What a year this is turning out to be. Man o man, things after thing, event after event, and struggle after struggle.
There are a lot of things going on in my life right now. From church to school to friends to family to ministry, I am finding myself in a constant blur where the only solid constant is the Lord. I know it may sound corny but its corniness does not take away from its truth.

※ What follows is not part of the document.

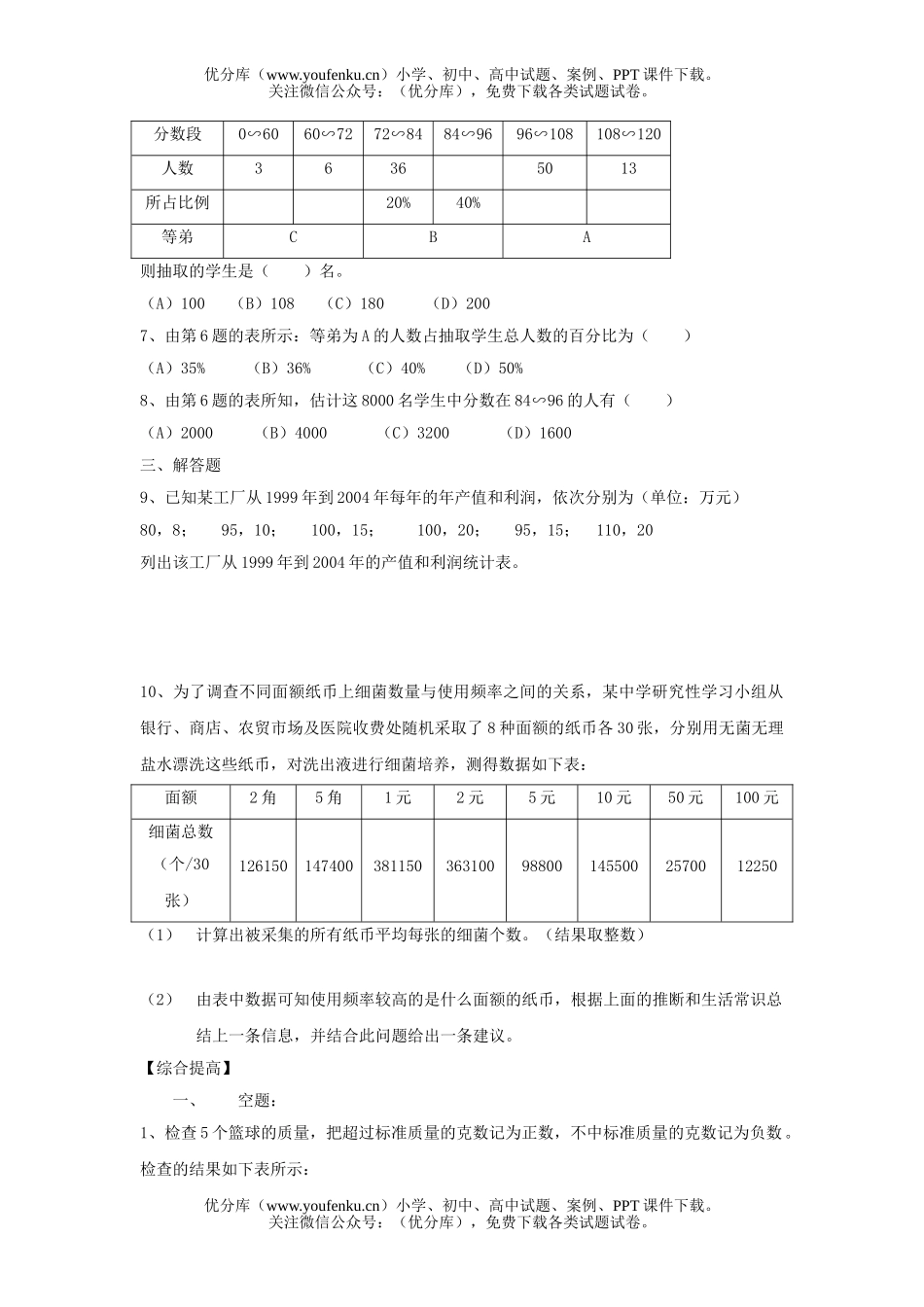 初中七年级数学浙教版上册同步练习6.2试卷_第2页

Something that’s going on right now is a heavy sense of lukewarmness. I look around me, and in myself, and I sense that I am living a life very under whelmed of God and who he is. A lot of times I am finding myself in situations where I am doing something and then the Holiness of the Almighty comes in the picture, the type of scenario where the mightiest angels are crying out of reverence and worship for the Almighty. The whole Isaiah six type thing. As I am seeing this picture in my mind I am faced with the inadequacy of my living. Now I know the blood of Christ covers this inadequacy and my relationship with the Lord stands reconciled, but I also know that is never an excuse to not fight against all what is in me and strive for Holiness. I see the call to be Holy as God is Holy; my strivings made in faith are pleasing to our Father. This is a holistic type of thing, this Holiness issue. It doesn’t mean that I need to read my bible more or go to church more often (God knows I am there enough) or do more things for the poor. No, not this Holiness. This Holiness is holistic, my entire way of life. The words of my mouth, the way I do my homework, the thoughts of my mind, the ways I treat those around me, my attitude, my focus, my heart, the way I use the precious time given to me by God. All these things need to be set apart, and not to be used and abused as if I don’t even know God.
As I am taking this road to Holiness I am finding another struggle to deal with in the midst, my judgment of others. As I am striving for Holiness I have been increasingly finding myself wanting to pump other people full of their iniquity. I see people’s sin and laziness and I want to ram them with the, “THUS SAYS THE LORD!” But as soon as these thoughts come into my mind I am reminded that whatever correction I am to give it is to be done with gentleness and humbleness, lest I think myself greater than I am.
That’s the thing for now. Go with God in all you do, because if you don’t you’ll be the one leading the way, and you’ll definitely screw it up.